Your task:
Of all the entries below, only the lines from the one with "Traditional Christians, Awake!" up to and including the one with "Psi Upsilon Christmas" are to be duplicated exactly.

Material shown:
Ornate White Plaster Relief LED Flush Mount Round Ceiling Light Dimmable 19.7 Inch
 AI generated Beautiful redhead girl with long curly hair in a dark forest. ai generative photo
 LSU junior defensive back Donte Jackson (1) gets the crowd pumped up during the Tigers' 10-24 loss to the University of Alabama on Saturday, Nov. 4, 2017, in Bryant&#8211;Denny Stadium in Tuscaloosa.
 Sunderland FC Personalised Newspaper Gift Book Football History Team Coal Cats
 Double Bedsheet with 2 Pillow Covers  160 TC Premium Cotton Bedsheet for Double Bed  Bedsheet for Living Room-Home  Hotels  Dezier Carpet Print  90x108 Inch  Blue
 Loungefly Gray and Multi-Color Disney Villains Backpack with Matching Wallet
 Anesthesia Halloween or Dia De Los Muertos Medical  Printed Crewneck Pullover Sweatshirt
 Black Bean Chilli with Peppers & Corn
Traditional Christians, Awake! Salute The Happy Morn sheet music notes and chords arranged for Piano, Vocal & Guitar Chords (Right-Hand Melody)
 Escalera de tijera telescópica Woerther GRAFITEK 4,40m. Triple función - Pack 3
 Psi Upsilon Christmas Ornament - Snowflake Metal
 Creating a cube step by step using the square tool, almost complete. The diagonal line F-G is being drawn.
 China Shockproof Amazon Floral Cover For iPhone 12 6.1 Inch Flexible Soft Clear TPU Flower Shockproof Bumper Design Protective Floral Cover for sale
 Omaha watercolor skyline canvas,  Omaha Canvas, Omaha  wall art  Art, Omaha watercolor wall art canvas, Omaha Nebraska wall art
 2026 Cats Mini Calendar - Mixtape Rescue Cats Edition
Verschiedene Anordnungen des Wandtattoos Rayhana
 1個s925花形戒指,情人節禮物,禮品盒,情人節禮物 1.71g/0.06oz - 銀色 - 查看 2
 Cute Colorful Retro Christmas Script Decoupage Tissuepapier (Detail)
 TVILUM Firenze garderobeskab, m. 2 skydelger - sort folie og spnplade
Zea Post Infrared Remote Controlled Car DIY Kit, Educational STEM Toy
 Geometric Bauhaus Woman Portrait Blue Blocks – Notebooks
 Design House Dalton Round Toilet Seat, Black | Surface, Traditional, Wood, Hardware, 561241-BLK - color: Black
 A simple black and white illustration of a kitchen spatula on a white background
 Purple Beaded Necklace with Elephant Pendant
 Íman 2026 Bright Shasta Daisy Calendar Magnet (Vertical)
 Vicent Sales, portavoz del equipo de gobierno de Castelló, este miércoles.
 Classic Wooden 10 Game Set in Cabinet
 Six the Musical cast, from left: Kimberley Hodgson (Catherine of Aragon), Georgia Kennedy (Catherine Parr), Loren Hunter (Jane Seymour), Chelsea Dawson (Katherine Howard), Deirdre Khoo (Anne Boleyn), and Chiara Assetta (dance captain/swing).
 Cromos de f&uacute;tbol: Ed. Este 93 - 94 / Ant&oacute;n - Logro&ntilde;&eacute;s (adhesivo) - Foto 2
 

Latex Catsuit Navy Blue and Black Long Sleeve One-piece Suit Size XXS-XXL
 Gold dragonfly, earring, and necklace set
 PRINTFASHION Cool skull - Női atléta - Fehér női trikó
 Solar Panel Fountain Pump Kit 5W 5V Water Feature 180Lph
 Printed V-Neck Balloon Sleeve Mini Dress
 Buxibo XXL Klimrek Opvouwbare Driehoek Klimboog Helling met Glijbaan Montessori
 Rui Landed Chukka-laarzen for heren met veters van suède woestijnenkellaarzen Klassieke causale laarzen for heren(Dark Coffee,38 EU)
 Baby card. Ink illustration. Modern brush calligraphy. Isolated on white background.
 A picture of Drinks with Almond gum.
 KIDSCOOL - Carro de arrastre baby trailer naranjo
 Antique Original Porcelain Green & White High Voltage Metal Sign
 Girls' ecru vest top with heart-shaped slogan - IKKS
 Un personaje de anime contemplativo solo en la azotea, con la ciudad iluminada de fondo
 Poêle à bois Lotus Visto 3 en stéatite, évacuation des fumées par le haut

Task response:
Traditional Christians, Awake! Salute The Happy Morn sheet music notes and chords arranged for Piano, Vocal & Guitar Chords (Right-Hand Melody)
 Escalera de tijera telescópica Woerther GRAFITEK 4,40m. Triple función - Pack 3
 Psi Upsilon Christmas Ornament - Snowflake Metal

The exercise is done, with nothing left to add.